DATASET RECORDS below:

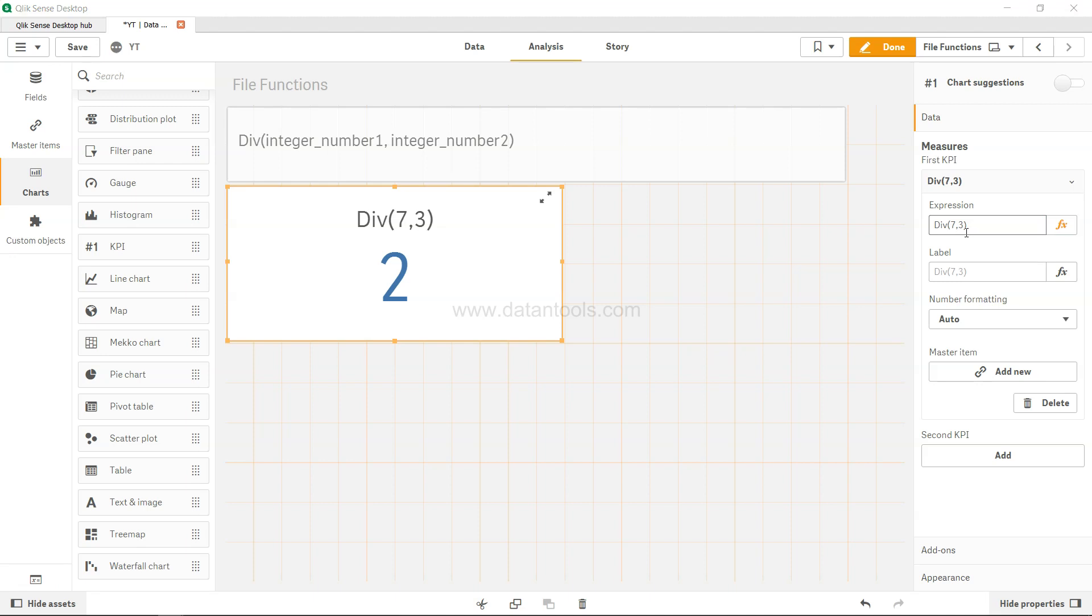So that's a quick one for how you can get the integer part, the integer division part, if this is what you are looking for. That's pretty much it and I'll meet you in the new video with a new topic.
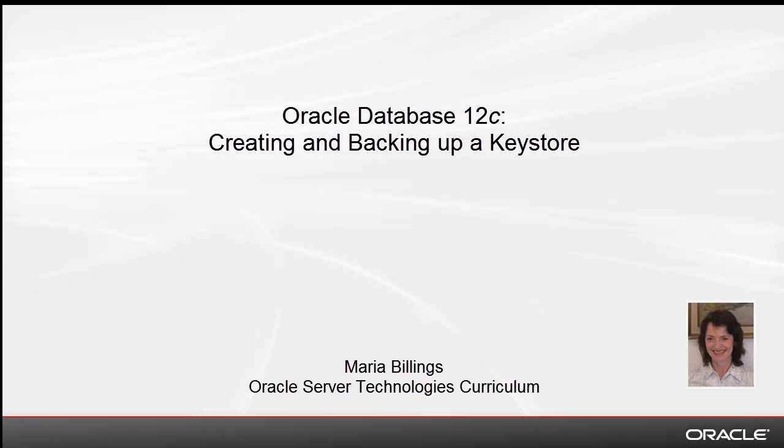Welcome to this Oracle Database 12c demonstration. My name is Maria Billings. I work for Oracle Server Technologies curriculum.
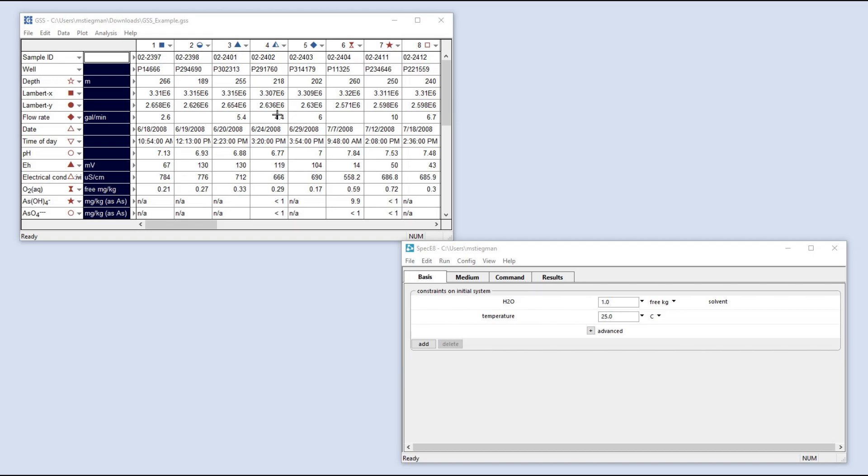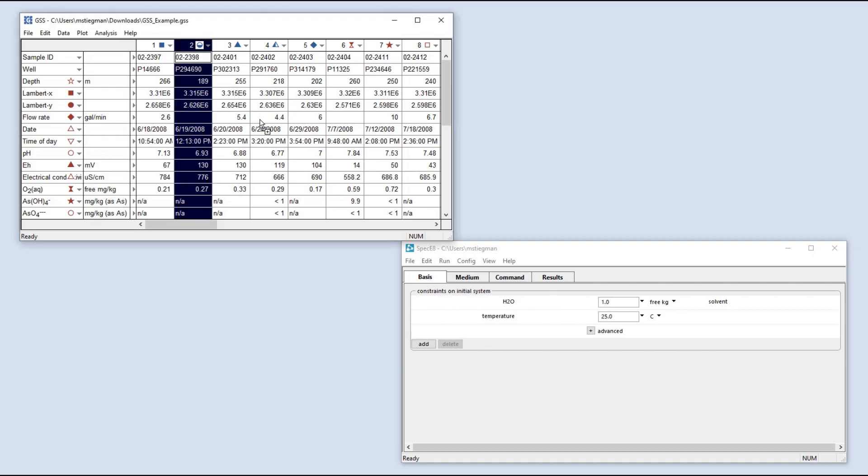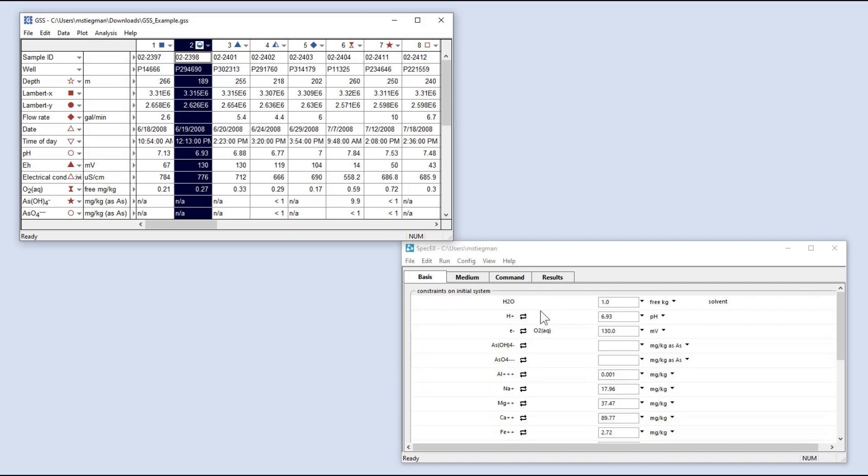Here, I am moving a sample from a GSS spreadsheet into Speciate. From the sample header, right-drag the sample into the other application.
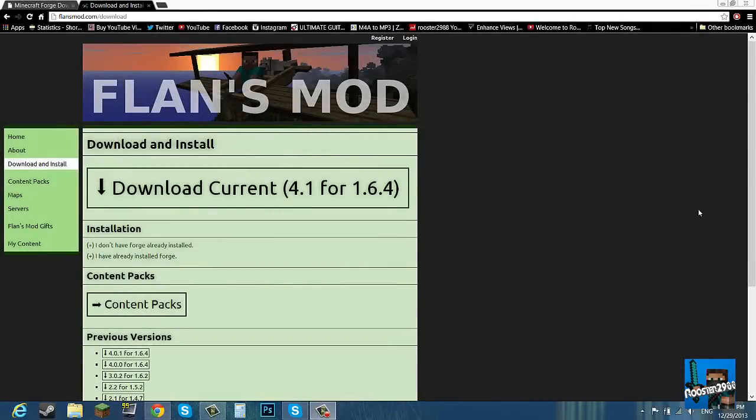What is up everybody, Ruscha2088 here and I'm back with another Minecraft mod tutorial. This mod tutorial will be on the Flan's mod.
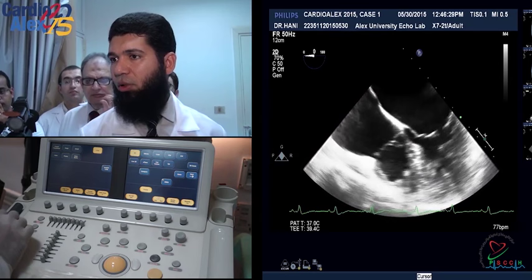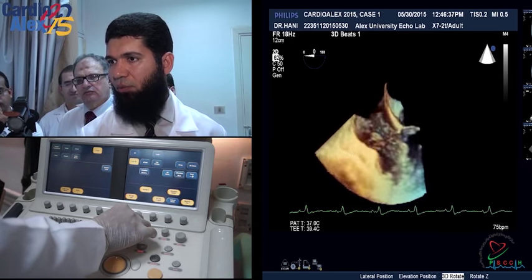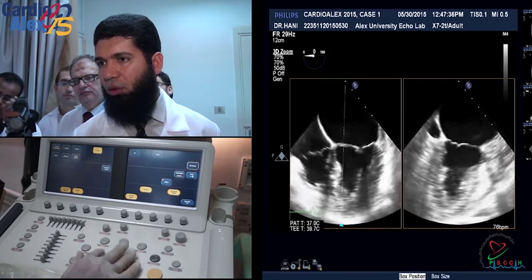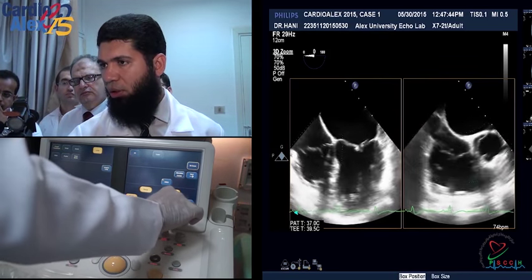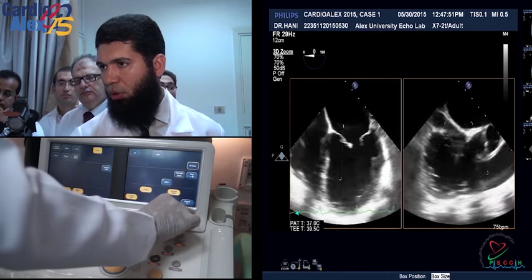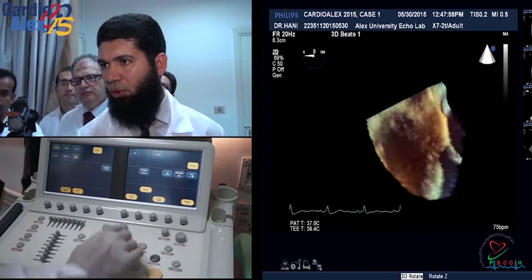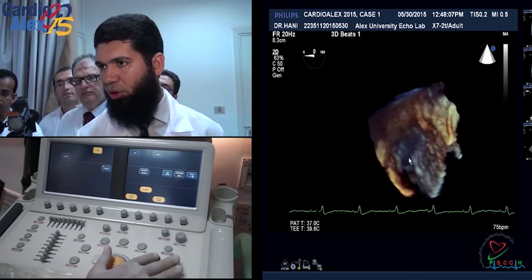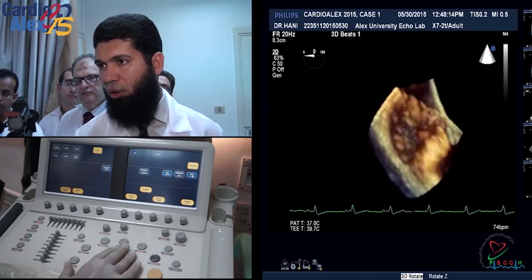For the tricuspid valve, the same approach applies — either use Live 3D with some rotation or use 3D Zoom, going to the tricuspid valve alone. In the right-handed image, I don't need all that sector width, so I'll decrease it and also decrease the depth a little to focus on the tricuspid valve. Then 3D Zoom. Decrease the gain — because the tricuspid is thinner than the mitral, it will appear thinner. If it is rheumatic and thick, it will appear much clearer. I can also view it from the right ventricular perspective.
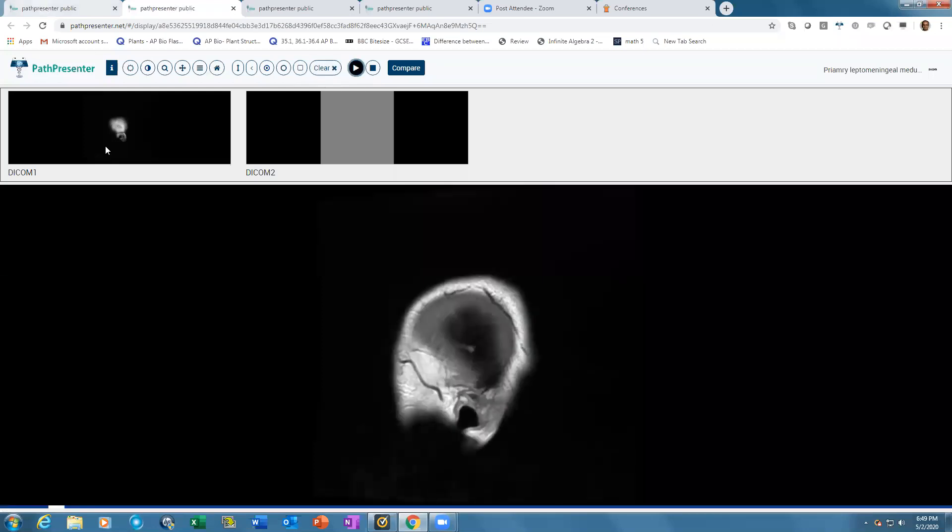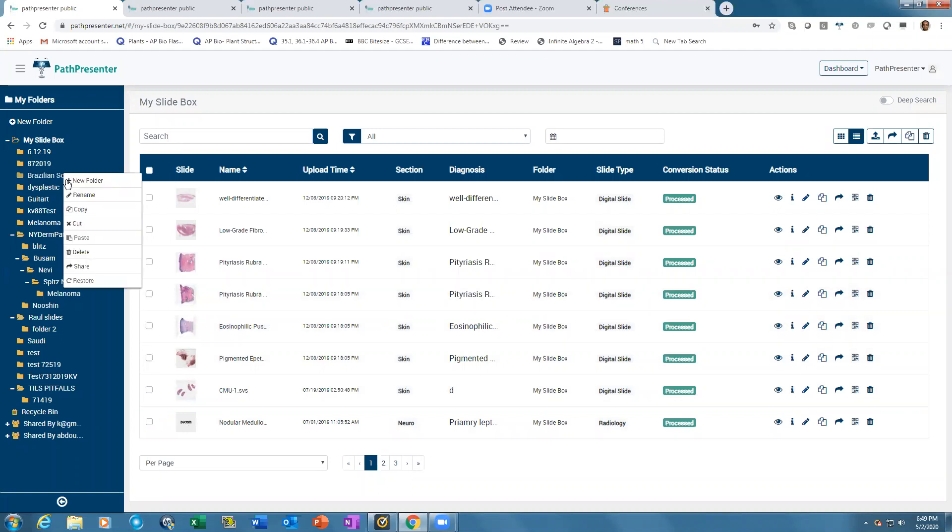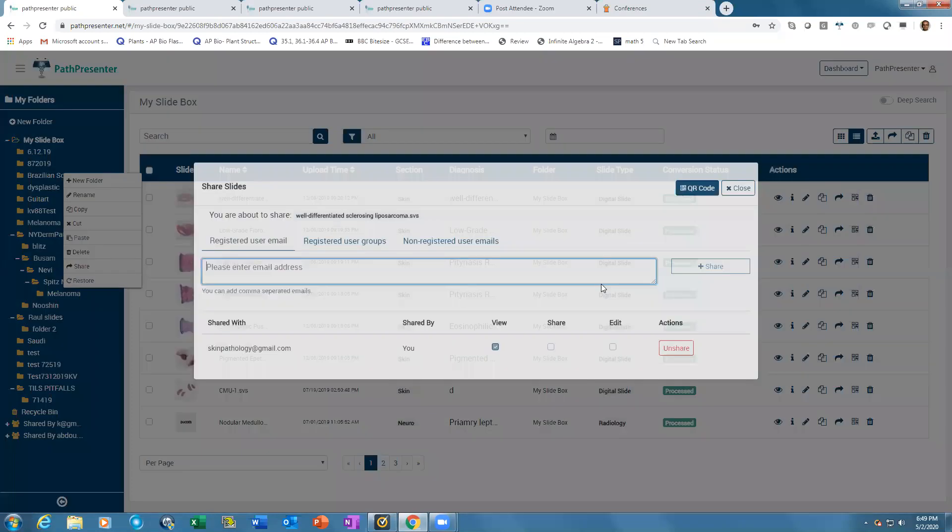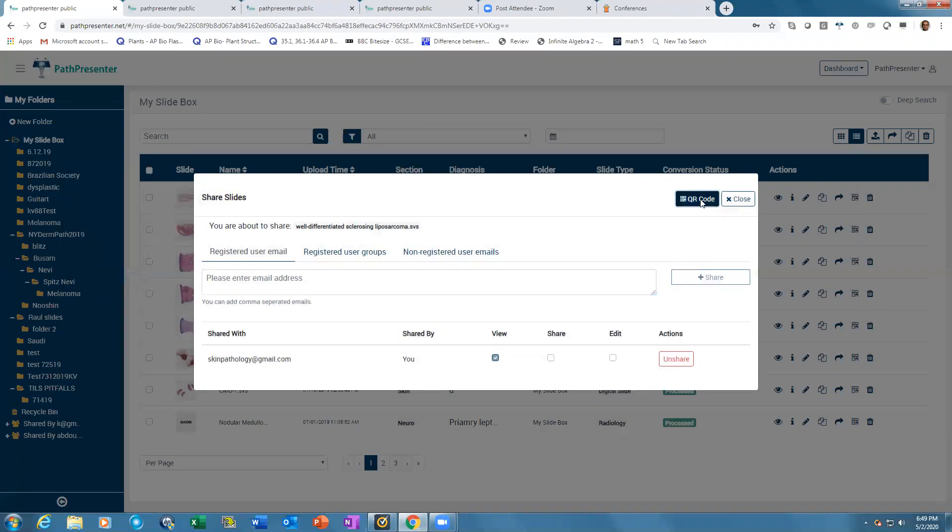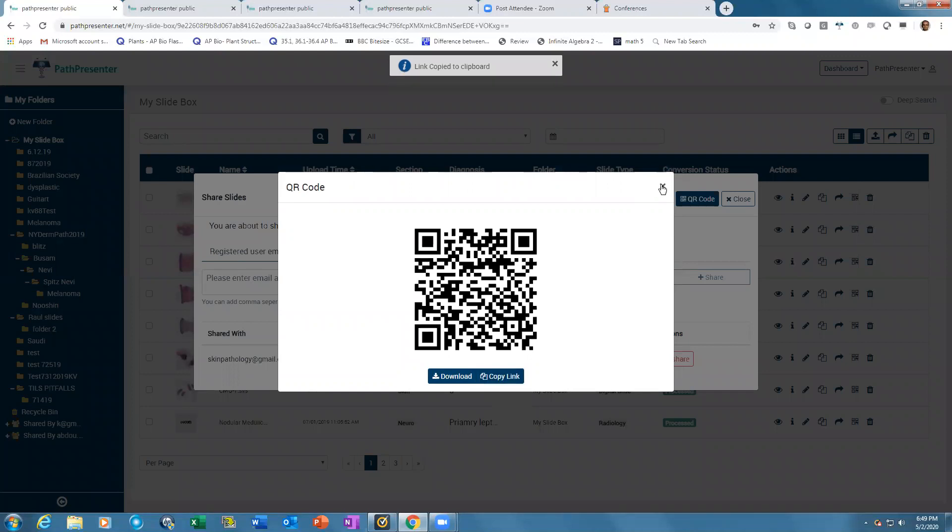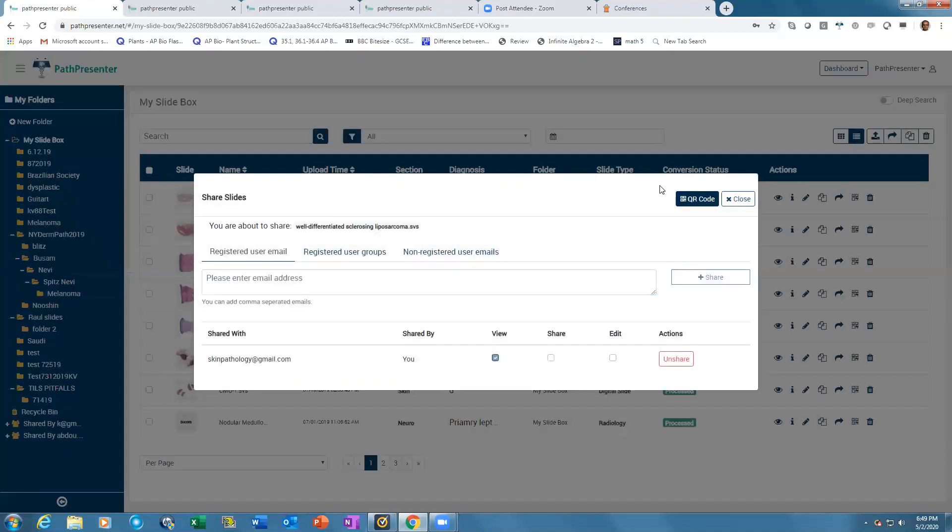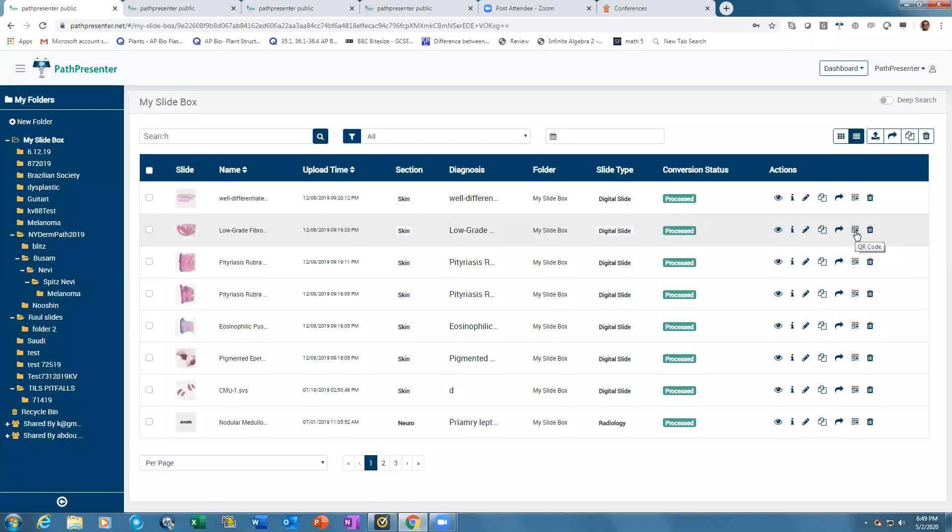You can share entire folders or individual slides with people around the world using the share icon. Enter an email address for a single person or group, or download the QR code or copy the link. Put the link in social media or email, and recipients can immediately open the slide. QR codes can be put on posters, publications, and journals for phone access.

End of DATASET RECORDS.

All the data above is to be transcribed exactly, with no pictures included.

### RESULT OF THIS TASK
So that's a quick one for how you can get the integer part, the integer division part, if this is what you are looking for. That's pretty much it and I'll meet you in the new video with a new topic.
Welcome to this Oracle Database 12c demonstration. My name is Maria Billings. I work for Oracle Server Technologies curriculum.
Here, I am moving a sample from a GSS spreadsheet into Speciate. From the sample header, right-drag the sample into the other application.
What is up everybody, Ruscha2088 here and I'm back with another Minecraft mod tutorial. This mod tutorial will be on the Flan's mod.
For the tricuspid valve, the same approach applies — either use Live 3D with some rotation or use 3D Zoom, going to the tricuspid valve alone. In the right-handed image, I don't need all that sector width, so I'll decrease it and also decrease the depth a little to focus on the tricuspid valve. Then 3D Zoom. Decrease the gain — because the tricuspid is thinner than the mitral, it will appear thinner. If it is rheumatic and thick, it will appear much clearer. I can also view it from the right ventricular perspective.
You can share entire folders or individual slides with people around the world using the share icon. Enter an email address for a single person or group, or download the QR code or copy the link. Put the link in social media or email, and recipients can immediately open the slide. QR codes can be put on posters, publications, and journals for phone access.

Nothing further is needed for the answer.